The real communication began, though, when the baton was raised. Zander now founder-director of the Boston Philharmonic, made his mark on British audiences for the first time last year in Mahler's Sixth at the Barbican. And to welcome him back is to wonder how we ever lost him; for this fine conductor is British born and bred until Boston wooed him.
In physical precision and metaphysical vision he has filled the gap left by Klaus Tennstedt in his illness. Yet temperamentally Zander seems to share more with Sir Colin Davis. He does not live on the music's nerve but rather broadly and far-sightedly through his emotions, shaped by the music's breath and pulse. I should love to watch him rehearse to see how he obtained that veiled valediction to song in the voices of the second violins and cellos in the symphony's opening: to track his work balancing so finely the equal and individual voices in this least-instrumentally hierarchical of scores.

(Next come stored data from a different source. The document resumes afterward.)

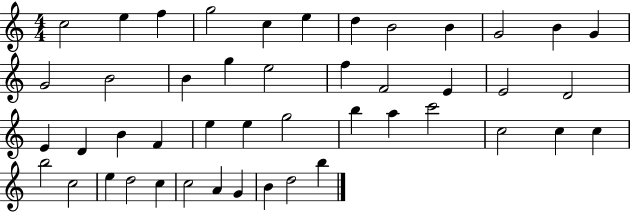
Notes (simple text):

C5/h E5/q F5/q G5/h C5/q E5/q D5/q B4/h B4/q G4/h B4/q G4/q G4/h B4/h B4/q G5/q E5/h F5/q F4/h E4/q E4/h D4/h E4/q D4/q B4/q F4/q E5/q E5/q G5/h B5/q A5/q C6/h C5/h C5/q C5/q B5/h C5/h E5/q D5/h C5/q C5/h A4/q G4/q B4/q D5/h B5/q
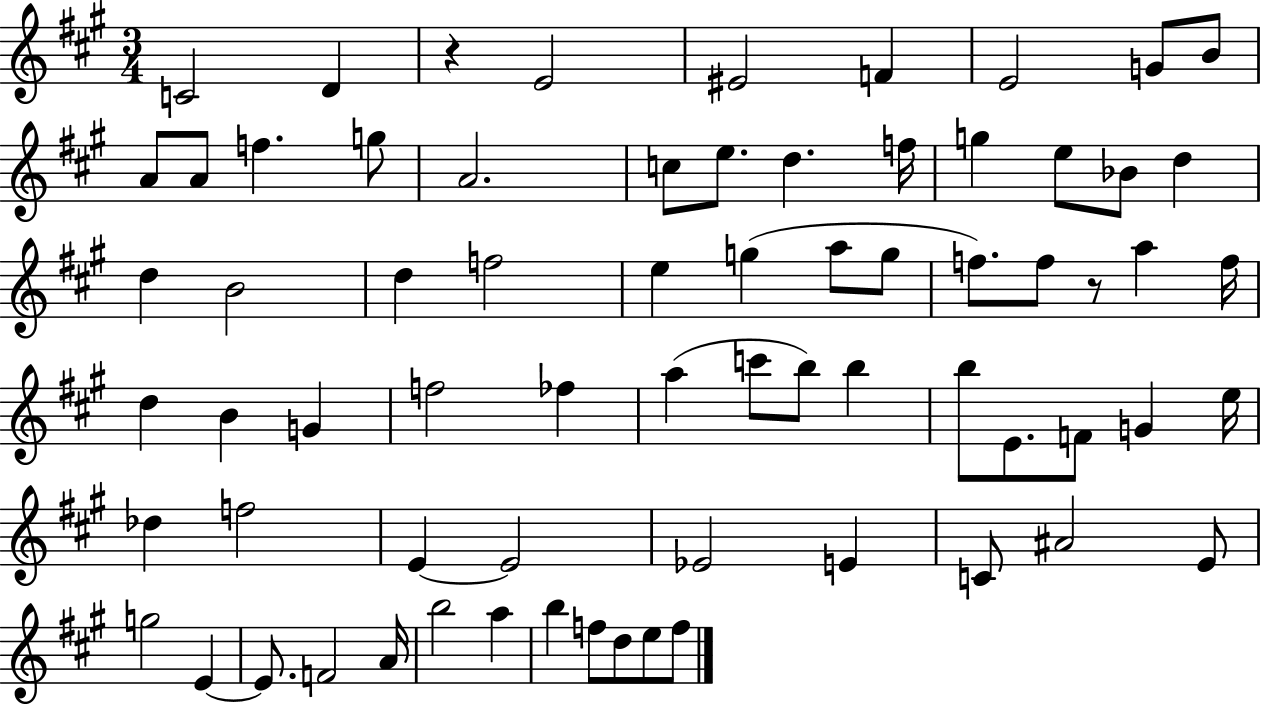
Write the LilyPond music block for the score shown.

{
  \clef treble
  \numericTimeSignature
  \time 3/4
  \key a \major
  c'2 d'4 | r4 e'2 | eis'2 f'4 | e'2 g'8 b'8 | \break a'8 a'8 f''4. g''8 | a'2. | c''8 e''8. d''4. f''16 | g''4 e''8 bes'8 d''4 | \break d''4 b'2 | d''4 f''2 | e''4 g''4( a''8 g''8 | f''8.) f''8 r8 a''4 f''16 | \break d''4 b'4 g'4 | f''2 fes''4 | a''4( c'''8 b''8) b''4 | b''8 e'8. f'8 g'4 e''16 | \break des''4 f''2 | e'4~~ e'2 | ees'2 e'4 | c'8 ais'2 e'8 | \break g''2 e'4~~ | e'8. f'2 a'16 | b''2 a''4 | b''4 f''8 d''8 e''8 f''8 | \break \bar "|."
}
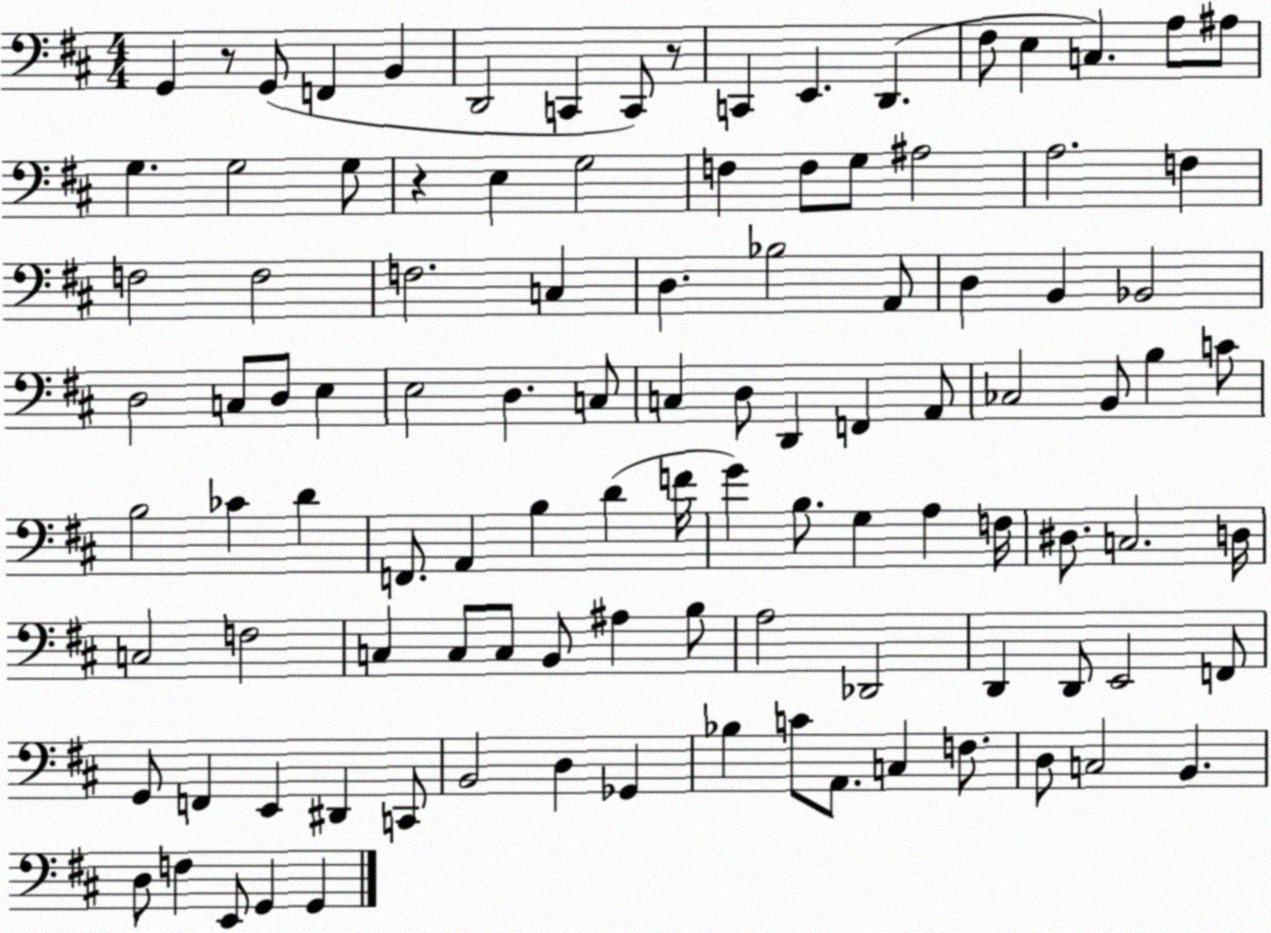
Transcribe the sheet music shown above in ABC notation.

X:1
T:Untitled
M:4/4
L:1/4
K:D
G,, z/2 G,,/2 F,, B,, D,,2 C,, C,,/2 z/2 C,, E,, D,, ^F,/2 E, C, A,/2 ^A,/2 G, G,2 G,/2 z E, G,2 F, F,/2 G,/2 ^A,2 A,2 F, F,2 F,2 F,2 C, D, _B,2 A,,/2 D, B,, _B,,2 D,2 C,/2 D,/2 E, E,2 D, C,/2 C, D,/2 D,, F,, A,,/2 _C,2 B,,/2 B, C/2 B,2 _C D F,,/2 A,, B, D F/4 G B,/2 G, A, F,/4 ^D,/2 C,2 D,/4 C,2 F,2 C, C,/2 C,/2 B,,/2 ^A, B,/2 A,2 _D,,2 D,, D,,/2 E,,2 F,,/2 G,,/2 F,, E,, ^D,, C,,/2 B,,2 D, _G,, _B, C/2 A,,/2 C, F,/2 D,/2 C,2 B,, D,/2 F, E,,/2 G,, G,,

The second movement, that petrified Laendler from a dying Vienna was minutely imagined in its every twitch of movement and sound. Zander's pacing left it with just enough of a swing to seem a real dance, even if this was a dance of death.
The Rondo-Burleske which follows can sound more menacing than the Philharmonia allowed it to on Wednesday. But the clarity and deceptive lilt of Zander's tempo released its own strange joy, one that revealed only the horrors of happiness. The packed Barbican Hall held its breath at the start of the final adagio. Here was a near perfect transition of pace, timbre, and dynamics from the opening, agonized violin's sigh to that great abide-with-me of a chorale which dominates the movement.
As shadows of the Wunderhorn songs and Urlicht flicker from Mahler's earlier symphonies the listener is left in no doubt - from verbal reflection alone - that this is the loneliness of the soul which is speaking. As its physical life fades in the last bars, the Philharmonia played with the concentration of the finest of chamber ensembles. And even when bow and baton had given the license for applause, there was the deepest, longest silence this hall may have ever heard.